* _Entries supplied_
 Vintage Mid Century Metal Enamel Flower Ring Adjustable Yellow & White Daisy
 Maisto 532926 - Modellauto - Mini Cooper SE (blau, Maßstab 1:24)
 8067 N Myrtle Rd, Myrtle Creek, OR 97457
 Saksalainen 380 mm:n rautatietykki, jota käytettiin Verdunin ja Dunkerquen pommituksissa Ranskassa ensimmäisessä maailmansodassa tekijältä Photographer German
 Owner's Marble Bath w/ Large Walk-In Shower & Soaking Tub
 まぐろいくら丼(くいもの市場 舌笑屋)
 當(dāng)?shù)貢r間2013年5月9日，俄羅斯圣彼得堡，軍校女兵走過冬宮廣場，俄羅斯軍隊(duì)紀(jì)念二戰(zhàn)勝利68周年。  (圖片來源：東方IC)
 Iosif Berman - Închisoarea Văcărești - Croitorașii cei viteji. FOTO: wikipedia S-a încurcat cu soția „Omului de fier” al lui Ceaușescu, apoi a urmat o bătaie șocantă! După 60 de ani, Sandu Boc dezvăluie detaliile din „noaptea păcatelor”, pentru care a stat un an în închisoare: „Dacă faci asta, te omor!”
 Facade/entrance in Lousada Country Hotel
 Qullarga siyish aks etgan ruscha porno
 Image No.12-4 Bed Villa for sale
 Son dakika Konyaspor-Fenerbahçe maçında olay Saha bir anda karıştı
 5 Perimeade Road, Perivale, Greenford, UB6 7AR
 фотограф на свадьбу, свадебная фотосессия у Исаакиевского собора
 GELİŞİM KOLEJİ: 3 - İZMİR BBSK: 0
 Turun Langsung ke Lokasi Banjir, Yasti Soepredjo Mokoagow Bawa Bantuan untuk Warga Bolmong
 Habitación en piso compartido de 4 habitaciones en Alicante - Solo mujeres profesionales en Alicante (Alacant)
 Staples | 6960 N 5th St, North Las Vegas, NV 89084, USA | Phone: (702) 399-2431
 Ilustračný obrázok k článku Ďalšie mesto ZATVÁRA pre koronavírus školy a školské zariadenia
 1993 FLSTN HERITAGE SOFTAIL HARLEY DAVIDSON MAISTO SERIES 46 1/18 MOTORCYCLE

* _Instructions for the task_
Starting at the line that contains "GELİŞİM KOLEJİ: 3 - İZMİR BBSK: 0", retype each line through the end of the listing above and nothing else.

* _Expected output_
 GELİŞİM KOLEJİ: 3 - İZMİR BBSK: 0
 Turun Langsung ke Lokasi Banjir, Yasti Soepredjo Mokoagow Bawa Bantuan untuk Warga Bolmong
 Habitación en piso compartido de 4 habitaciones en Alicante - Solo mujeres profesionales en Alicante (Alacant)
 Staples | 6960 N 5th St, North Las Vegas, NV 89084, USA | Phone: (702) 399-2431
 Ilustračný obrázok k článku Ďalšie mesto ZATVÁRA pre koronavírus školy a školské zariadenia
 1993 FLSTN HERITAGE SOFTAIL HARLEY DAVIDSON MAISTO SERIES 46 1/18 MOTORCYCLE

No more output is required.